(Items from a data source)
########
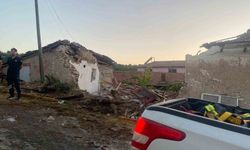 Yangından dönen itfaiye aracı eve çarptı: 3 yaralı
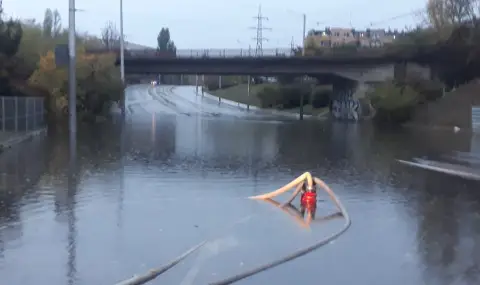 Наводнение спря четири трамвайни линии - 1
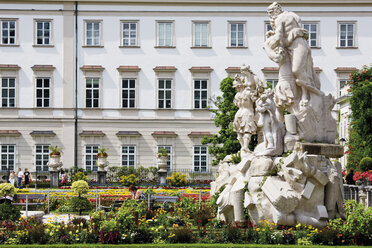 Österreich, Salzburg, Blick auf Schloss Mirabell und Mirabellgarten - 13396CS-U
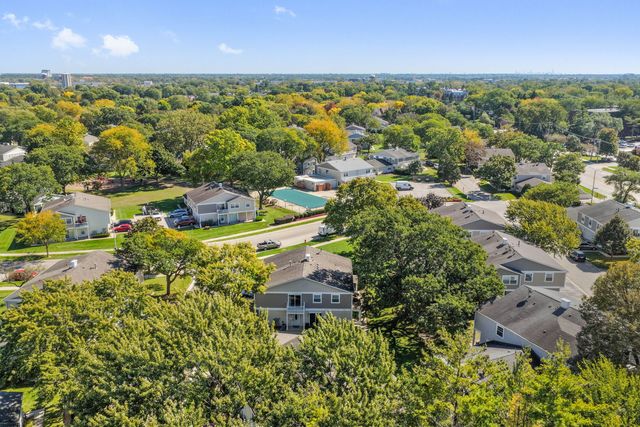 1323 Braver Court 1323, Wheeling, IL 60090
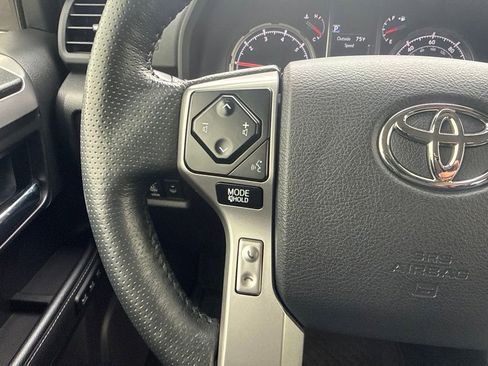 Used 2024 Toyota 4Runner Limited AWD/4WD image 16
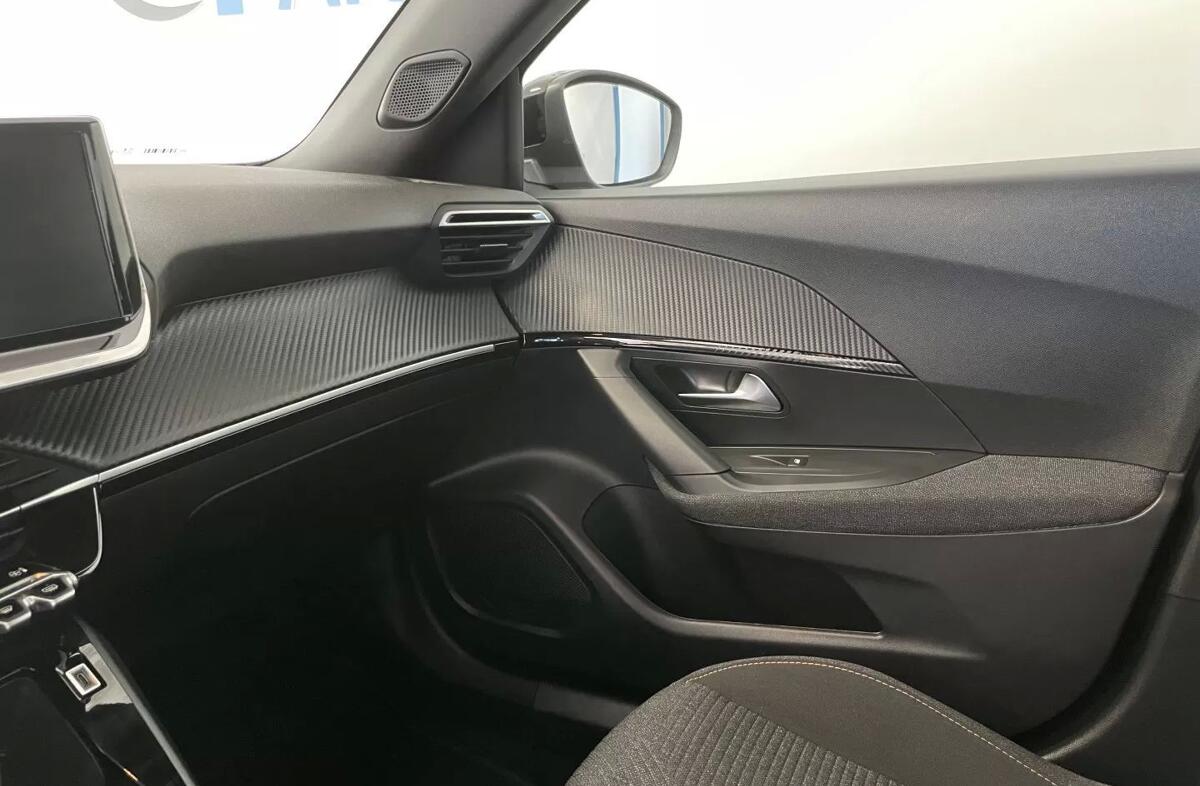 PEUGEOT 2008 1.2 PureTech Style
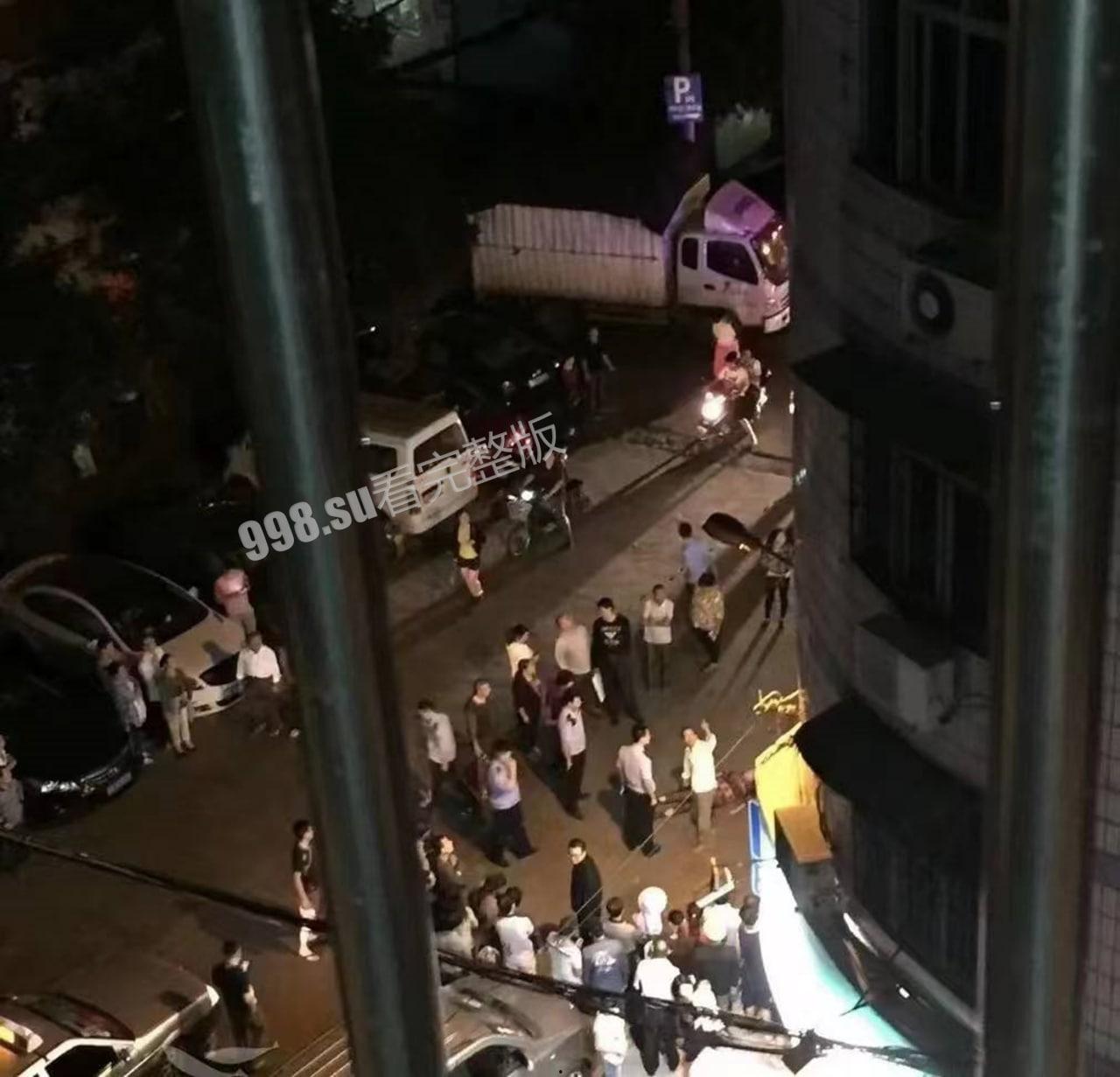 世界杯大小瓜!阿根廷粉丝大哥跳楼! 妻子哭的好伤心。-4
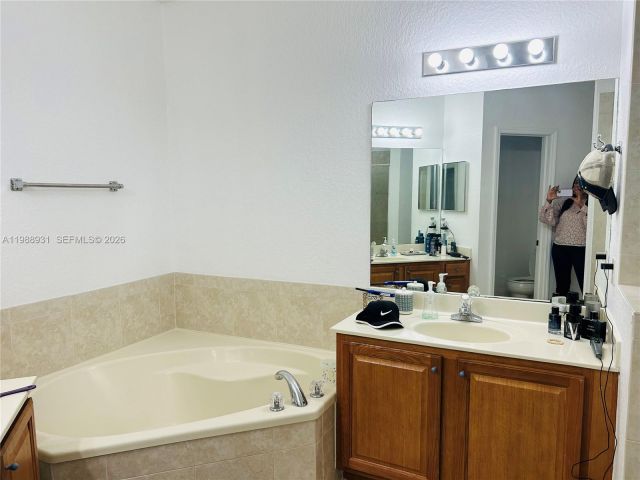 Home for rent at 10963 NW 87th Ln 10963 - photo 7526251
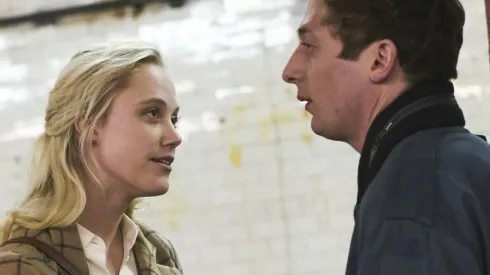 "Después de todo", el nuevo título de TNT Originals, está protagonizada por Maika Monroe.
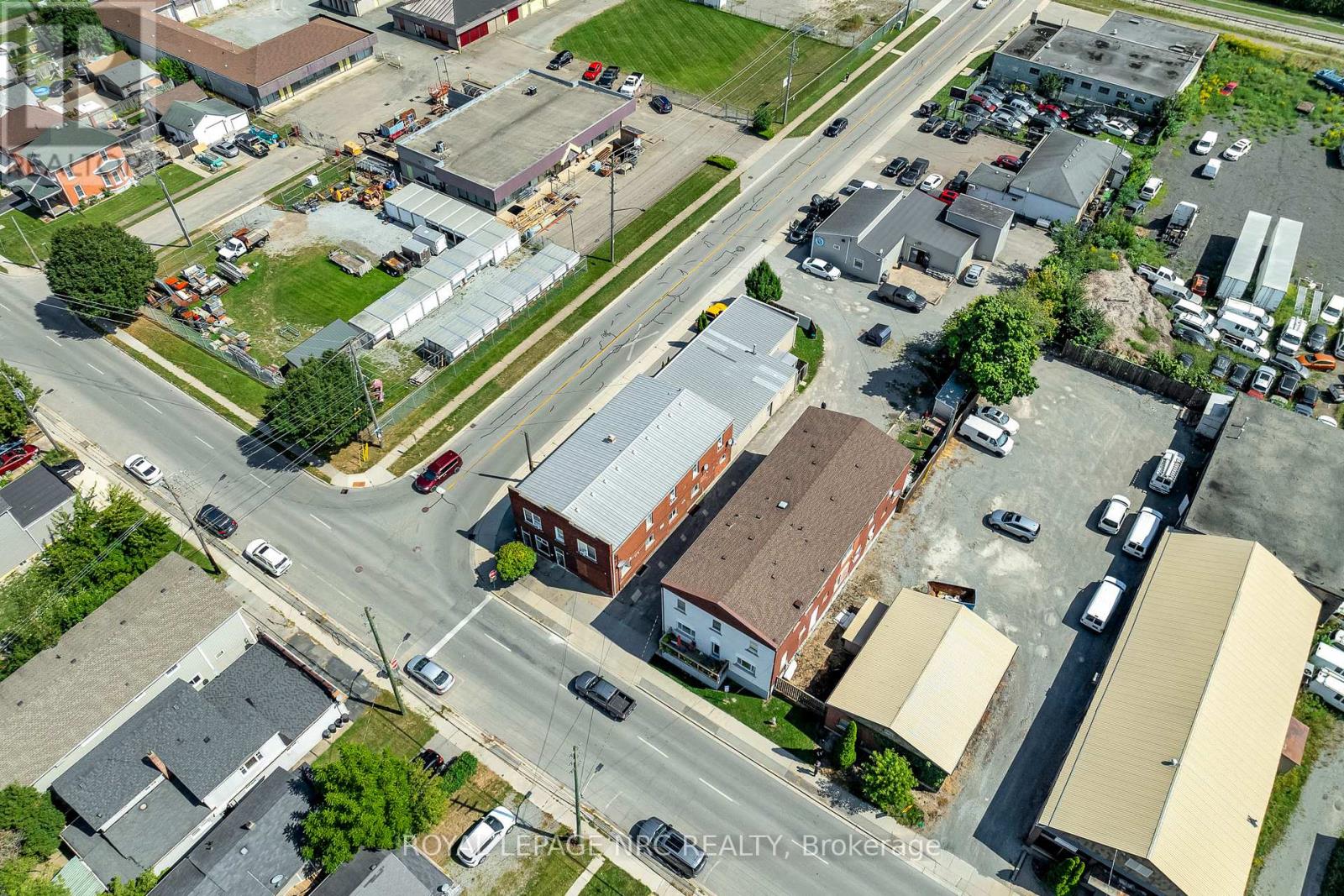192 Burgar Street, Welland, Ontario  L3B 2T4 - Photo 4 - X13667532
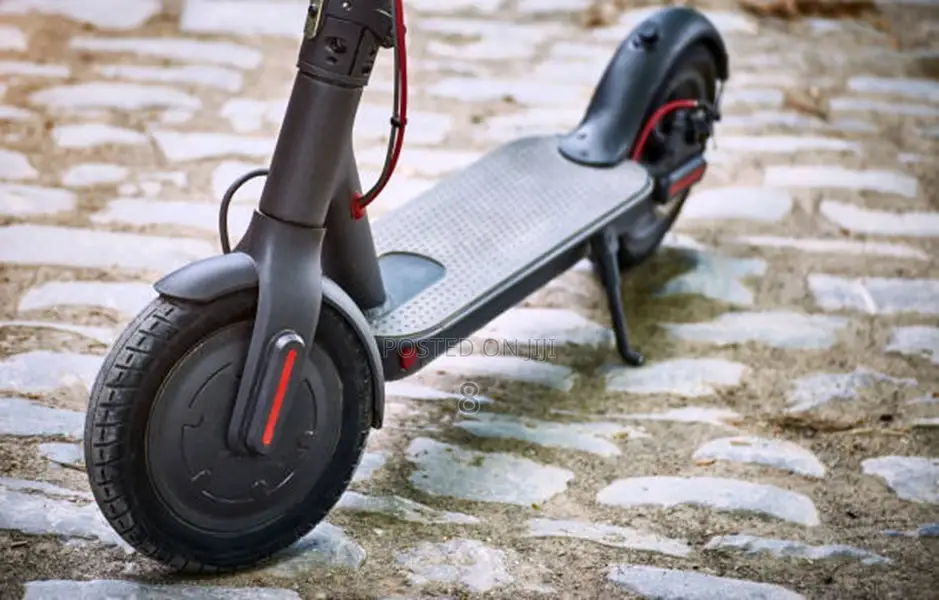 Efficient Electric Scooter – 40km Range,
########
Activity:
Output the data exactly. Pictures don't belong in the result.

Task answer:
 Yangından dönen itfaiye aracı eve çarptı: 3 yaralı
 Наводнение спря четири трамвайни линии - 1
 Österreich, Salzburg, Blick auf Schloss Mirabell und Mirabellgarten - 13396CS-U
 1323 Braver Court 1323, Wheeling, IL 60090
 Used 2024 Toyota 4Runner Limited AWD/4WD image 16
 PEUGEOT 2008 1.2 PureTech Style
 世界杯大小瓜!阿根廷粉丝大哥跳楼! 妻子哭的好伤心。-4
 Home for rent at 10963 NW 87th Ln 10963 - photo 7526251
 "Después de todo", el nuevo título de TNT Originals, está protagonizada por Maika Monroe.
192 Burgar Street, Welland, Ontario  L3B 2T4 - Photo 4 - X13667532
 Efficient Electric Scooter – 40km Range,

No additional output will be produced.